Whether what we write, broadcast, or otherwise put out there changes the attitude and subsequent actions of someone, anyone, depends more upon them than us.
Doesn’t the best writing come out of a kind of frustration? The angsty sense that people have it wrong (whatever ‘it’ might be at the moment) or that something is missing, which the writer should supply. That motivation sparked the first part of this trilogy: pundits on the ‘blue’ side of the country gallingly certain that the main problem with our electoral situation is mainly that a segment the populace had and has the wrong information. I think it is the adherents of this view that have things wrong.
Their insistence is exemplified as noted in Part I by the otherwise insightful Robert Reich. He holds that those of us possessing the right info just need (as Mark Twain used to say) ‘to learn’ those poor unfortunates what’s what and which end is up. Professor Reich has plenty of prestigious company in promoting these ideas. The late Justice David Souter, a profound thinker, said in 2012 that “An ignorant people can never remain a free people. Democracy cannot survive too much ignorance.” That laudable but wishful thinking is also present in a recent from Manvir Singh in the New Yorker noting that “In January, the World Economic Forum released a report showing that fourteen hundred and ninety international experts rated ‘misinformation and disinformation’ the leading global risk of the next two years, surpassing war, migration, and climatic catastrophe.” More than war? Have these people been in a war? Have they even watched a war movie?

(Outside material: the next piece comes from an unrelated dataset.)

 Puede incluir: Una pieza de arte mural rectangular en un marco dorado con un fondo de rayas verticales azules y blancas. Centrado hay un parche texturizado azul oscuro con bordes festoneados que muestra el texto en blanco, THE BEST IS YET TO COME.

My frustration at this stance emerges on many levels but disdain for learning is not one of them. Learning is wonderful, the cause of much success and prosperity — even for me. In 2001 ETS made me their first and only Chief Learning Officer. ETS! (Educational Testing Service to those who were blessed with the unexamined life) Love them or hate them (and you know how that poll will go), ETS had more scientists devoted to the measurement of learning than any other organization in the world. If you were at ETS, you loved learning. Yet becoming expert in an area means also realizing the limits of that area. As noted in the first installment of this trilogy of a rant “The more I learned about learning through endless experiences the more I appreciated its limits in changing how people thought and acted.”

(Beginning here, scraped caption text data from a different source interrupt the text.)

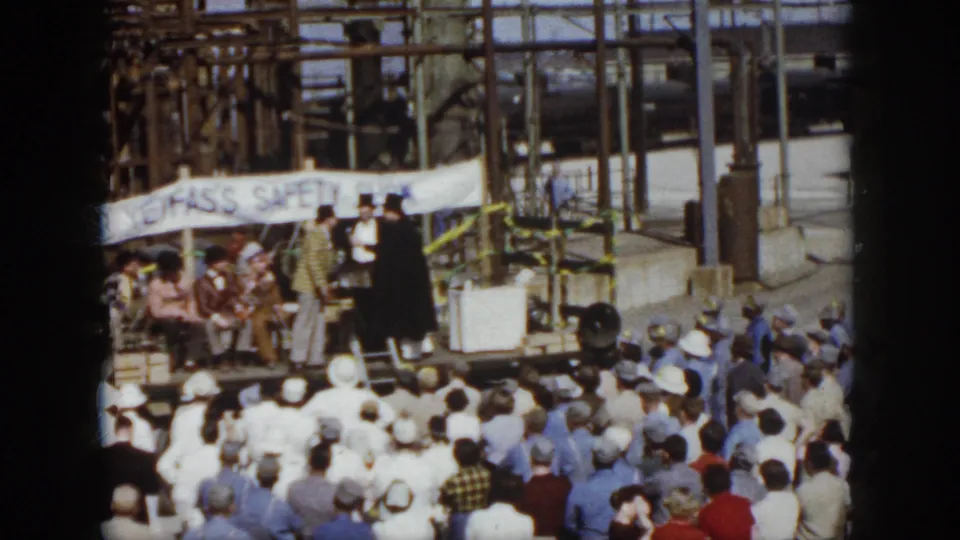 1958 Virginia frame of a public gathering at an industrial site, with speakers on stage and a safety-show banner behind them.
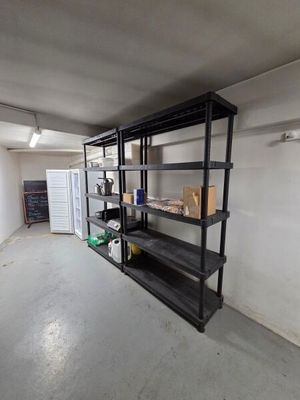 a room with a shelf and a refrigerator in it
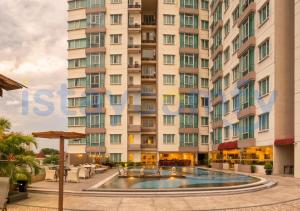 a building with a swimming pool in front of a building at 3BR The BCC Residence 1012 City View in Nagoya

That learning has its limits is ironically evident in the way promoters of 86’ing misinformation have not learned from easily available sources on how and why that won’t work. Information about this reality of the failure of information and education to change people is abundant and keeps popping up. Just one month ago in the Wall Street Journal, Roland Fryer, a prominent conservative academic in his essay The Economics of Polarization outlined how “People tend to interpret ambiguous information as confirming whatever they believed to begin with.” whatever they believed to begin with is also known in the field as their ‘priors’, the existing set of conscious and unconscious expectations and assessments of the world and how it works, keep them on course to believe and act as they always have. We all have them. And we’ve known about their effect upon decision making for a long time. For example, in 2017, Elizabeth Kolbert reviewed an array of research from the mid 20th century on this tendency that might be summed up by her highlighting of a quote from some Stanford scientists: “Once formed impressions are remarkably perseverant.” That’s the summary. But you can go to the link by her name in the previous sentence and read the whole article for yourself. And it’s in The New Yorker, which means it was fact checked rigorously! But I don’t expect it to change your mind. Because most of us tend not to be so much influencers as ‘outfluencers‘. We put stuff out there and its adoption depends upon the existing attitude of the reader, listener, or viewer.

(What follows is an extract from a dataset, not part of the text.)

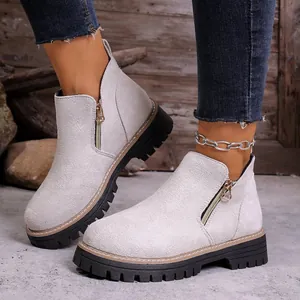 Detail view of light grey suede ankle boots with side zippers and chunky black soles.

Outfluencers are not one party or antoher. The much vaunted polarization of our society does not apply when it comes to the notion. Both blue and red worlds in the USA agreed during the last presidential election campaign that their salvation would come about through the courting and collaboration of what they hope will be influencers for them. There are two definitions of that term in the Oxford English Dictionary. Both parties were hoping to get the first definition dating from 1968: “A person who has the ability to influence other people’s decisions about the purchase of particular goods or services.” My suspicion is that to varying degrees both GOP and Dems actually got a whole lot more of OED’s second definition added forty years later: “A person who has become well-known through use of the internet and social media, and uses celebrity to endorse, promote, or generate interest in specific products, brands, etc., often for payment.”
Influence is such an interesting word in its origins; it originally had this sense of applying mysterious, magical, or hypnotic power to a person, perhaps astrologically as an emanation from the stars . The Democratic Party now believes that they lost this effort; they need “find the next Joe Rogan.”. Democrats Throw Money at a Problem: Countering G.O.P. Clout Online but the word influence suggests that whatever magical power emanated from these podcast potentates and TikTok Titans actually got ‘in” to the minds and wills of people causing them to act differently than they would have prior to this exposure. These folks seem more to me to be out-fluencers. Their only proven effect is to disseminate their views, spouting a version of reality that like . The effective reception of these messages depends upon the receptivity of individuals and groups.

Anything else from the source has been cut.